Article from The Illustrated London News, 14 February 1846.

The Medal for China.

The Medal to be distributed to the officers and soldiers, who served in China, during the late war is now in course of being struck at the Royal Mint, from a die by Mr. Wyon, the Engraver-in-chief. There will be required 18,000: they are all

Medal for China.

to be of silver (intrinsic value about 5s. 6d.); no difference being made between those to be presented to the officers and those to be given to the men. The Medal is about half the size represented in the present column. It is, certainly a fine work of art, and will add even to Mr. Wyon's high reputation.
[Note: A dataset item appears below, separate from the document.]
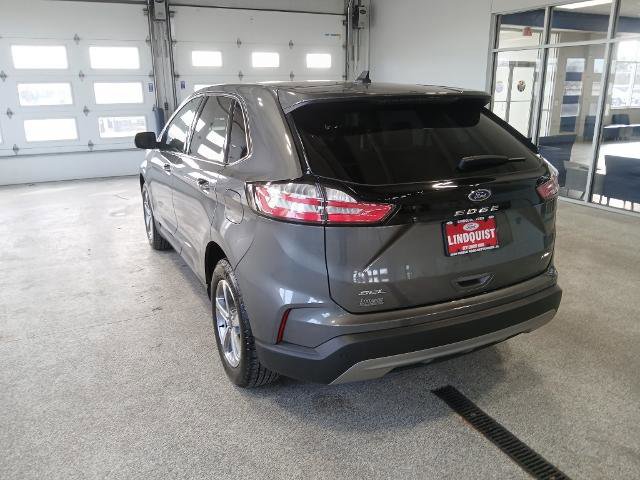 Certified 2022 Ford Edge SEL w/ Convenience Package image 3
It bears a portrait of her Majesty, an excellent likeness: on the Royal brow, is the tiara: the legend is, "Victoria Regina." The likeness is strikingly beautiful; and the relief admirably executed. On the reverse, is a picturesque group of the weapons of the army and navy, resting under the shadow of a palm-tree: in front of the weapons are the armorial bearings of Great Britain. Above the group are the words "Armis exposcere pacem;" and underneath the arms, is the word "China." and the date of the War, "1842." On the rim are inscribed the name and regiment. "The ribbon," (it is stated in the "Art Union,") "is to be of scarlet, with a yellow border, the scarlet denoting the colour of England, and the yellow being the imperial colour of China. The Medals will probably be issued to the soldiers and sailors about the middle of the year."

This work was published in 1846 and is anonymous or pseudonymous due to unknown authorship. It is in the public domain in the United States as well as countries and areas where the copyright terms of anonymous or pseudonymous works are 176 years or less since publication.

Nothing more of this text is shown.